» Task goal:
Every line of the records below from the line with "Scottish Chic Loafers with Fringing" up to and including the line with "ans kiabi 🌺" must be reproduced exactly, and no line outside that range.

::: Data to use :::

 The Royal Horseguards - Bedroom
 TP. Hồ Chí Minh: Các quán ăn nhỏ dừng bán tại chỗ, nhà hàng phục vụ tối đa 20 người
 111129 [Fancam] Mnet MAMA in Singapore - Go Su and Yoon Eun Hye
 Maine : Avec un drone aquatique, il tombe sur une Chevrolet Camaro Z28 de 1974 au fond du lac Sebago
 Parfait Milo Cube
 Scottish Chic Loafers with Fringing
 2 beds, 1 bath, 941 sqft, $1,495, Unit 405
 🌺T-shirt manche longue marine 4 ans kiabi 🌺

:::
::: Data to use :::

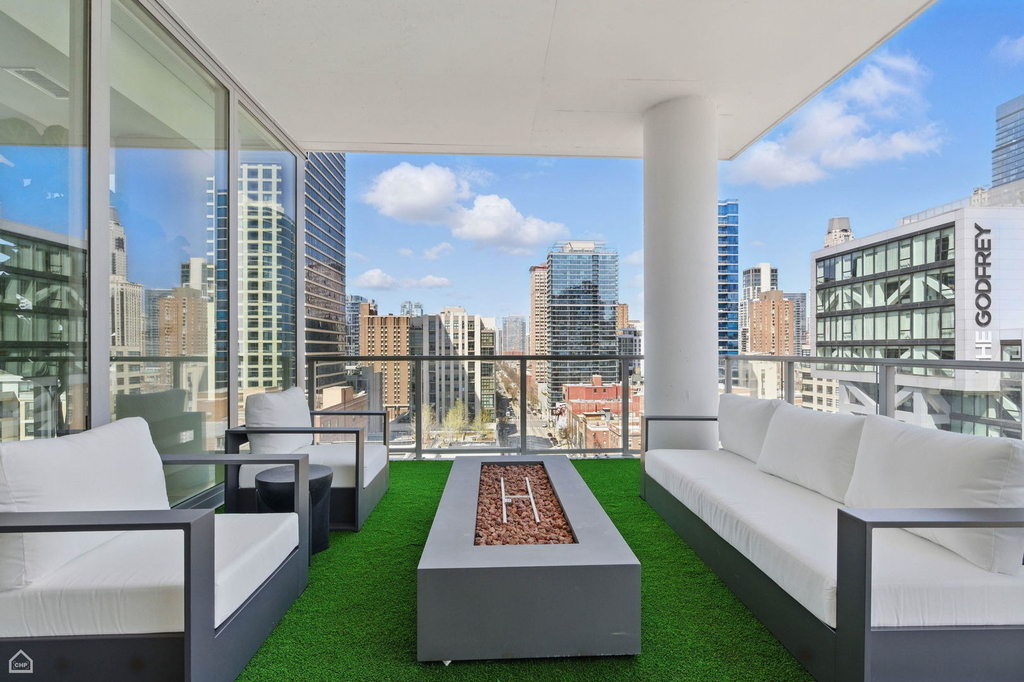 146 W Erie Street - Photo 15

:::

» Reply:
 Scottish Chic Loafers with Fringing
 2 beds, 1 bath, 941 sqft, $1,495, Unit 405
 🌺T-shirt manche longue marine 4 ans kiabi 🌺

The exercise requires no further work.